### Task to carry out
Below are records; reply with nothing but the number of lines in them that contain "Buffalo".

Data entries
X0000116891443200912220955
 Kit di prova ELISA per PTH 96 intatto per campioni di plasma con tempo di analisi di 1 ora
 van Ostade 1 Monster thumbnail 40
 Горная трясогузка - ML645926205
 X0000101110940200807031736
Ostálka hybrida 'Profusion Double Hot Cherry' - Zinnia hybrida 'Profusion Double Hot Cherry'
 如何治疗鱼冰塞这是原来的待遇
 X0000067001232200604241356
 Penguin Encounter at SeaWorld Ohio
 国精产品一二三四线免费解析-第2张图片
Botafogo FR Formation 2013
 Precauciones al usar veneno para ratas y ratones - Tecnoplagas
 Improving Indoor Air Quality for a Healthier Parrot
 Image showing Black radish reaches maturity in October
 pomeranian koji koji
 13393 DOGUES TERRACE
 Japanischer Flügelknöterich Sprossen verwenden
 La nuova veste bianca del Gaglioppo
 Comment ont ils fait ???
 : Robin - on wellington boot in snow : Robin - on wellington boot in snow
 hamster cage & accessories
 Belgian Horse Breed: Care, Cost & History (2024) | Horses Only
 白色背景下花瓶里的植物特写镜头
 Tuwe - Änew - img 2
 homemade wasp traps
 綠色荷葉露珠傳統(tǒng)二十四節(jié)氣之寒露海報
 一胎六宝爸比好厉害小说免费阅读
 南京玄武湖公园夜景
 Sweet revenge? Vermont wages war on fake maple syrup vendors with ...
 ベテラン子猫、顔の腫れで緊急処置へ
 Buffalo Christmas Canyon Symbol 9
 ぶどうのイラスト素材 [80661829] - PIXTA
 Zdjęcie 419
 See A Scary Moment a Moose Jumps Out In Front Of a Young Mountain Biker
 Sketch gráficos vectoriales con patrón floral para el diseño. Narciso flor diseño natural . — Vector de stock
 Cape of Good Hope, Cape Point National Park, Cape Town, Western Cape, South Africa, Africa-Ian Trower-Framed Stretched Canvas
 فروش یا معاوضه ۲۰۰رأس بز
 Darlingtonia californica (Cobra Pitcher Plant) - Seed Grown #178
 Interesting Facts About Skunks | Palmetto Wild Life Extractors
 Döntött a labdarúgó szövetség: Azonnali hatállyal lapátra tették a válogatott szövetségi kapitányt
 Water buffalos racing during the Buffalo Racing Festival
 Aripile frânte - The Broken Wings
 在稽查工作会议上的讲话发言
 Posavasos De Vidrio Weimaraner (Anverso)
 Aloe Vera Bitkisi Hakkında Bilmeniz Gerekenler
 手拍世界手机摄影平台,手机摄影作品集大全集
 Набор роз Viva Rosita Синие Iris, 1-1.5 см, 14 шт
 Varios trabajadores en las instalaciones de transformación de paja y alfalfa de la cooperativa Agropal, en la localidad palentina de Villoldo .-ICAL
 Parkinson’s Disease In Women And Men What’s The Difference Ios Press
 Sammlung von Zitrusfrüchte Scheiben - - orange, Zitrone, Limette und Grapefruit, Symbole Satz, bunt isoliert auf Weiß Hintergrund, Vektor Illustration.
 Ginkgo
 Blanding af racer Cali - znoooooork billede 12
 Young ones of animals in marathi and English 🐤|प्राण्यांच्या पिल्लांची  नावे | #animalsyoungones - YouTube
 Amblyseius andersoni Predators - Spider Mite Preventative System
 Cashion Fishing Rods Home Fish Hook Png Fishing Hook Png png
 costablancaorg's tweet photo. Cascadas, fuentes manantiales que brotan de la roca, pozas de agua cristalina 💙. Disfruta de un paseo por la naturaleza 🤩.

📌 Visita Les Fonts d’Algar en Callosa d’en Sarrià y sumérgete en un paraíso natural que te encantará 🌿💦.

### Result
2